[EXERCISE MATERIALS]
....
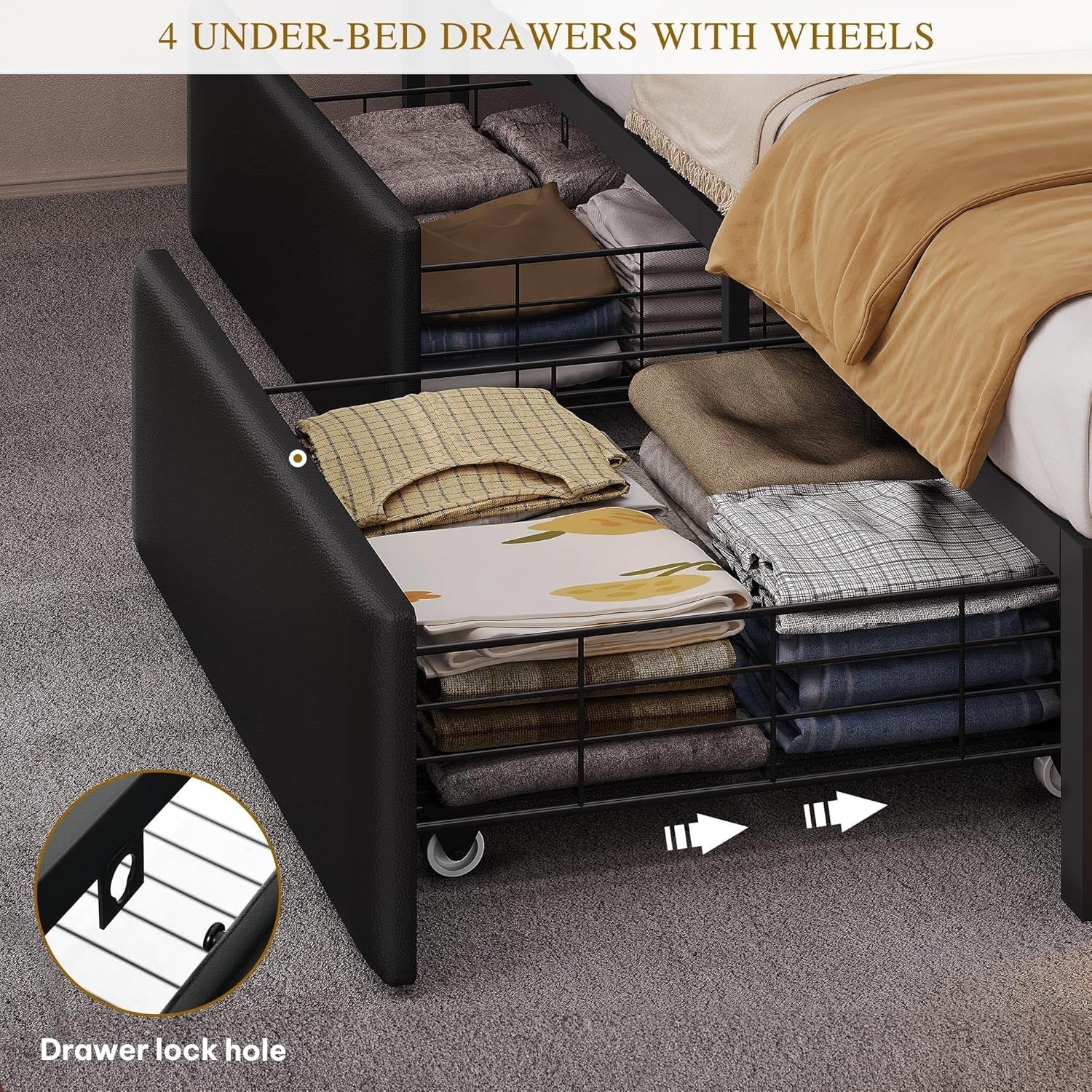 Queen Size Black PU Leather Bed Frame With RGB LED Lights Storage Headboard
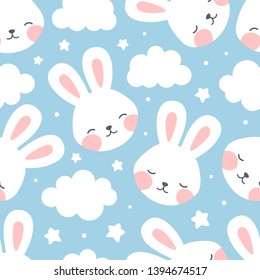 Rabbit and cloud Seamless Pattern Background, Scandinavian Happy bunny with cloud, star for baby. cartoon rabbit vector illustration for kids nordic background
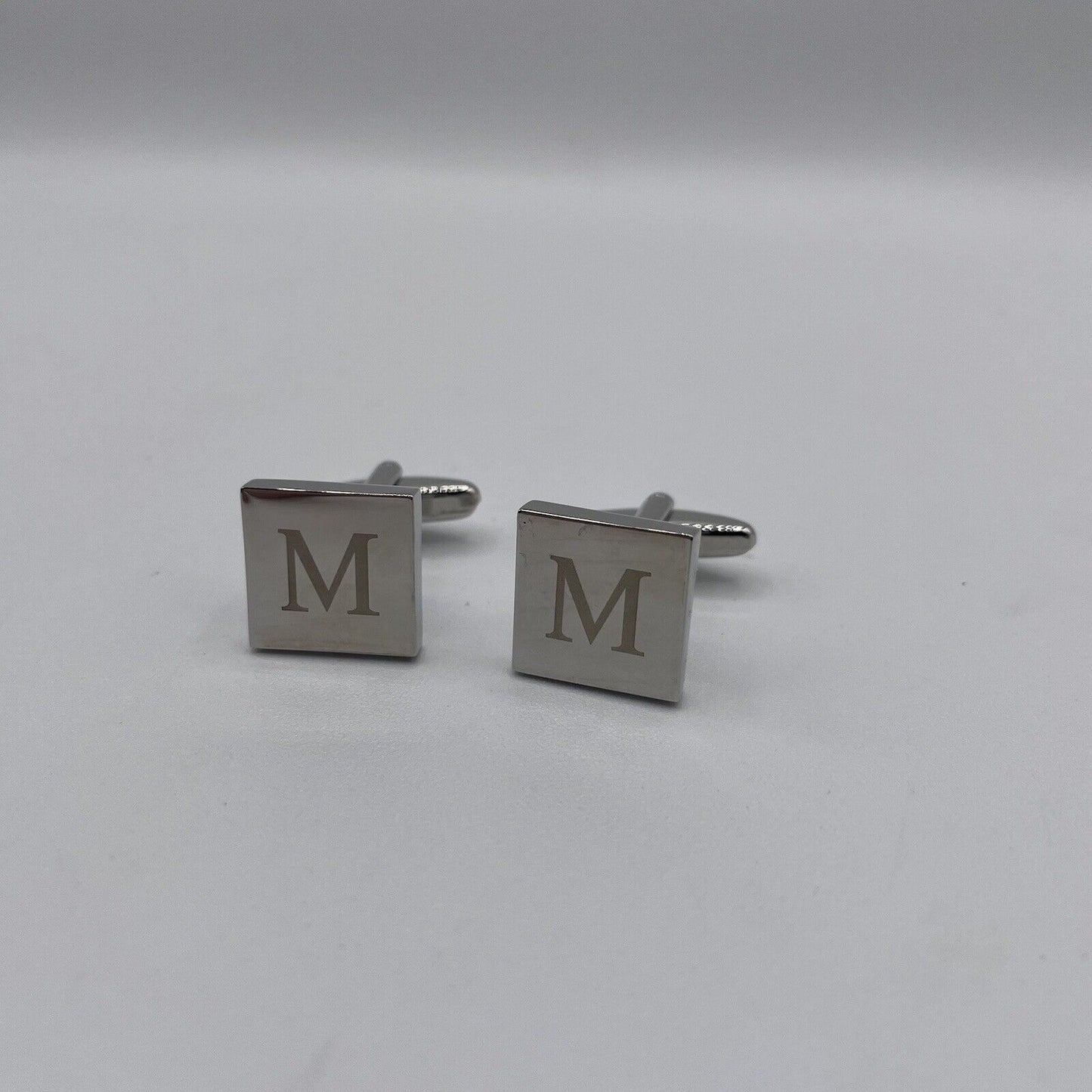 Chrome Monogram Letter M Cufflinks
....
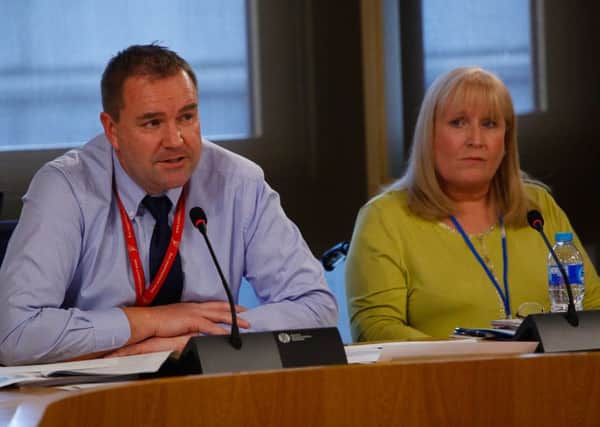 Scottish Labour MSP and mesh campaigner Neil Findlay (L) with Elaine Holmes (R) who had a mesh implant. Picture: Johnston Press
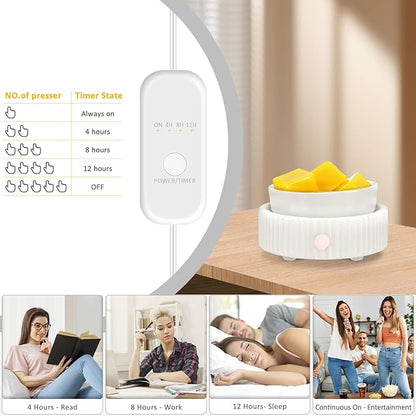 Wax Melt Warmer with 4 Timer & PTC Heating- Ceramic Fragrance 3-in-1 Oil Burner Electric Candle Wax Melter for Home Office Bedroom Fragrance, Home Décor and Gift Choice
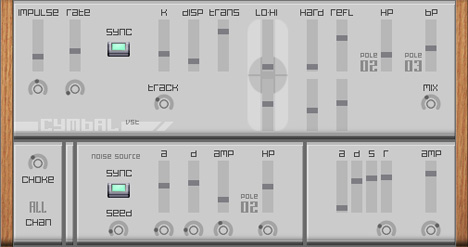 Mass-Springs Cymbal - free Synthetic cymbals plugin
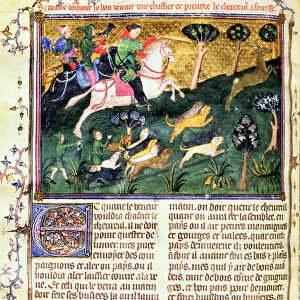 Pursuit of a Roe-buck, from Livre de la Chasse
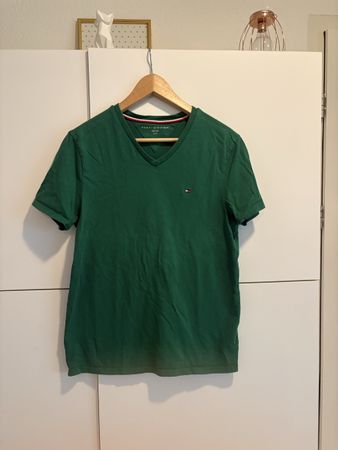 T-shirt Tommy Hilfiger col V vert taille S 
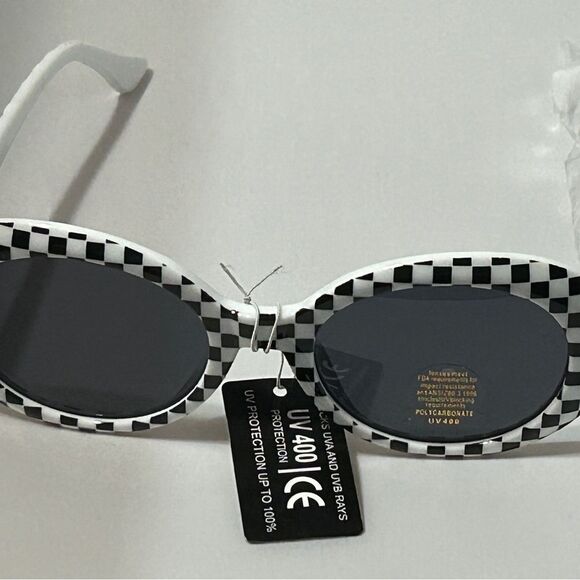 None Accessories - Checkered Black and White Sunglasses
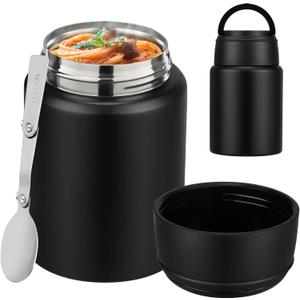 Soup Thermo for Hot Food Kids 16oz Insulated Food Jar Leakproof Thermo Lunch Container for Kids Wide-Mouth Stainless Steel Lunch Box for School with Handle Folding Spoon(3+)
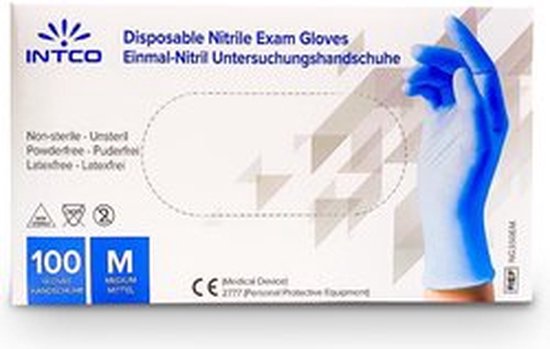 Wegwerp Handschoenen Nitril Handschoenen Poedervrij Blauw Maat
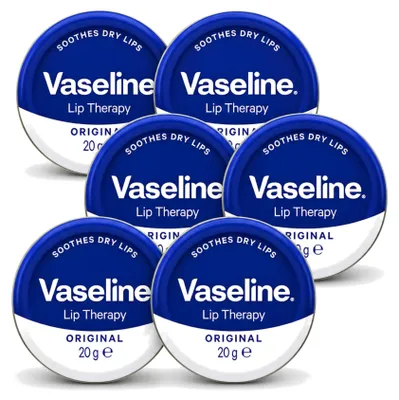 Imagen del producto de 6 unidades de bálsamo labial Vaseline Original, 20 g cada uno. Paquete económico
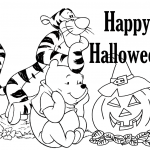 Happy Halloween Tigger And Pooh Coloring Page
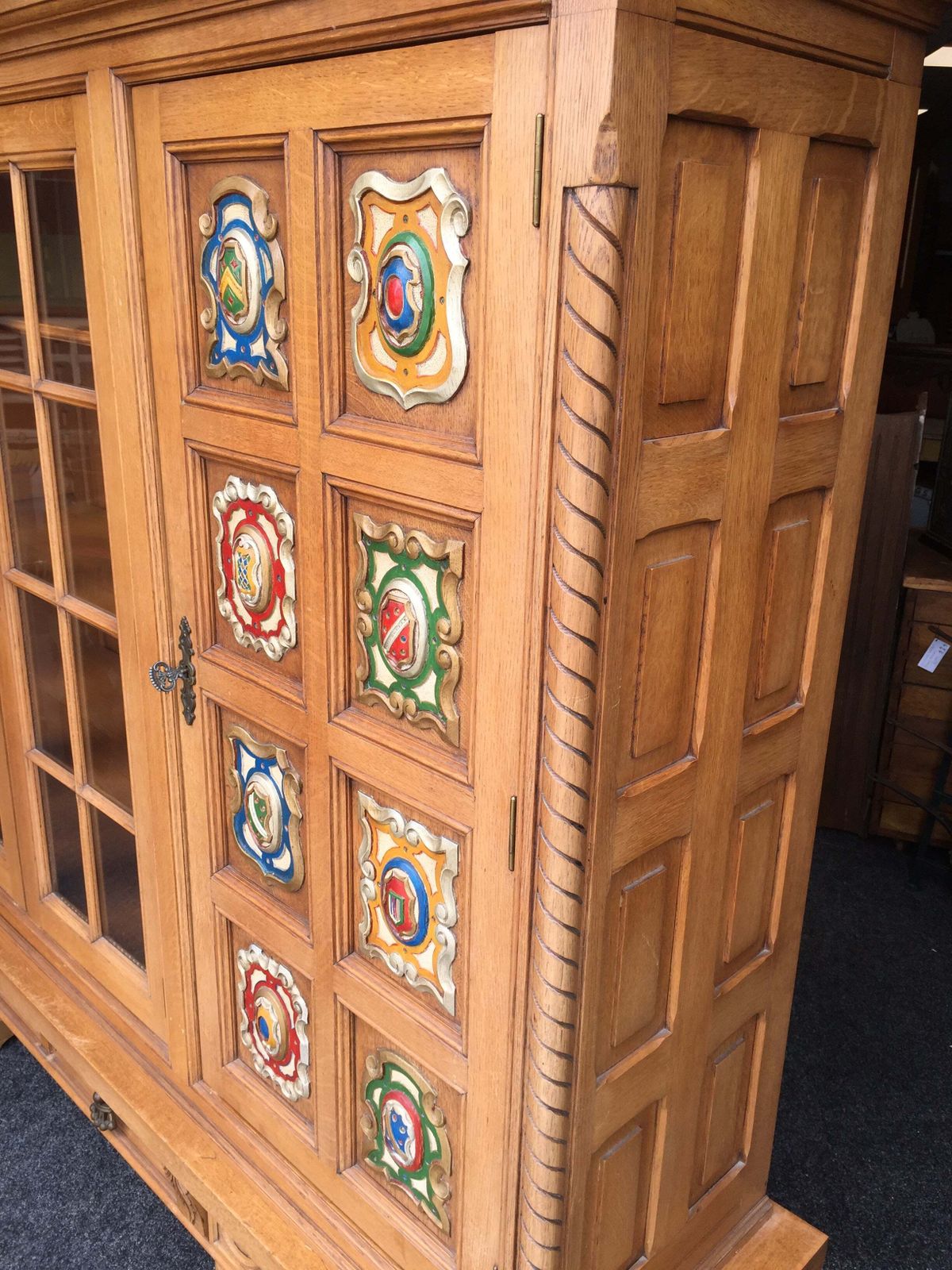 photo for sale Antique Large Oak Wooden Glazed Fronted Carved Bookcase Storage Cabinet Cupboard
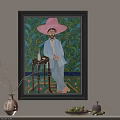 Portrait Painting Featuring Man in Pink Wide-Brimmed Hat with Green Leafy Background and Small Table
....
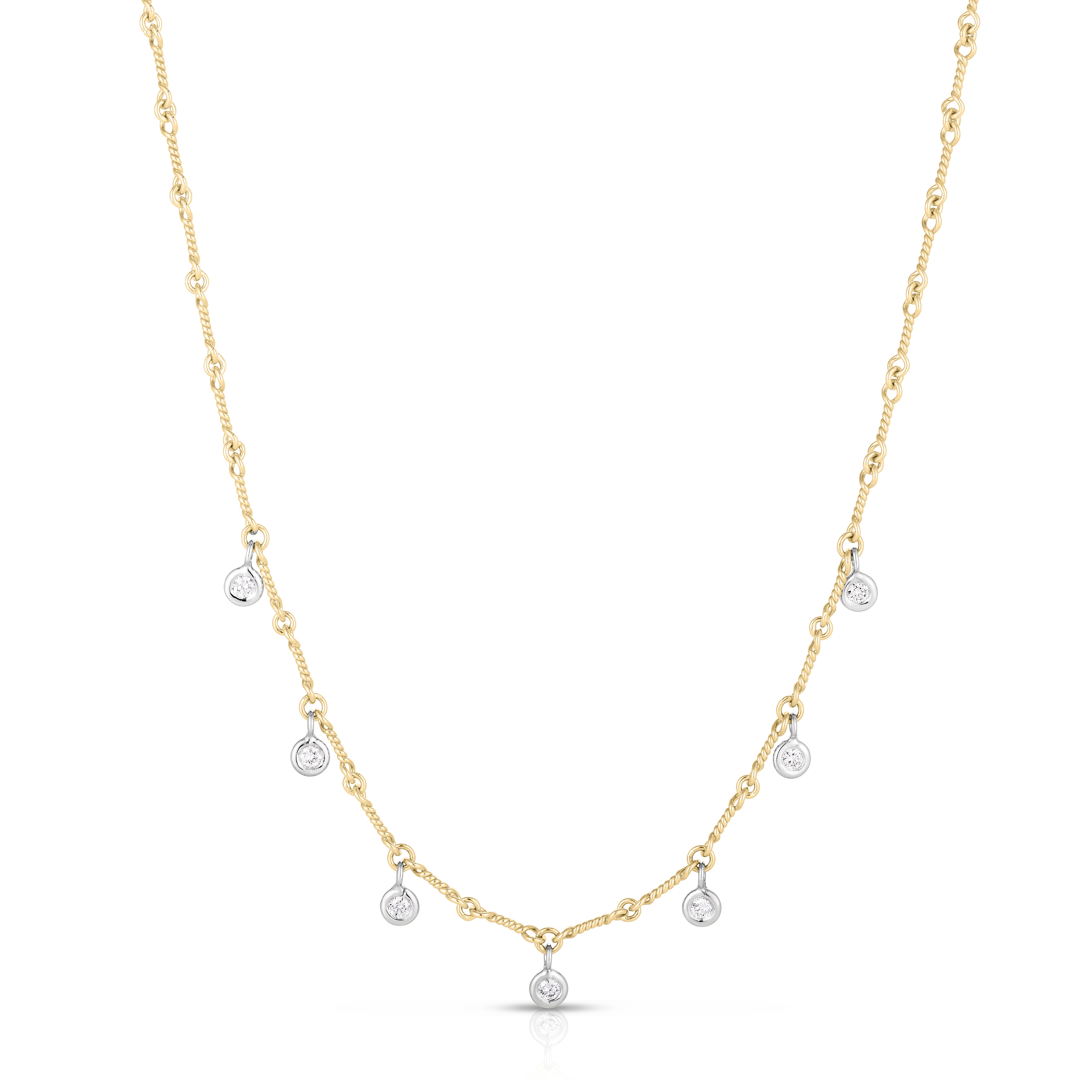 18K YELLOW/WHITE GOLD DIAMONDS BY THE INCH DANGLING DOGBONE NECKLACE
....
[YOUR GOAL] Your reply should consist solely of the lines above from the line containing "Soup Thermo for" up to and including the line containing "Portrait Painting Featuring", reproduced exactly, minus the pictures.

[ANSWER SPACE]
 Soup Thermo for Hot Food Kids 16oz Insulated Food Jar Leakproof Thermo Lunch Container for Kids Wide-Mouth Stainless Steel Lunch Box for School with Handle Folding Spoon(3+)
 Wegwerp Handschoenen Nitril Handschoenen Poedervrij Blauw Maat
 Imagen del producto de 6 unidades de bálsamo labial Vaseline Original, 20 g cada uno. Paquete económico
 Happy Halloween Tigger And Pooh Coloring Page
 photo for sale Antique Large Oak Wooden Glazed Fronted Carved Bookcase Storage Cabinet Cupboard
 Portrait Painting Featuring Man in Pink Wide-Brimmed Hat with Green Leafy Background and Small Table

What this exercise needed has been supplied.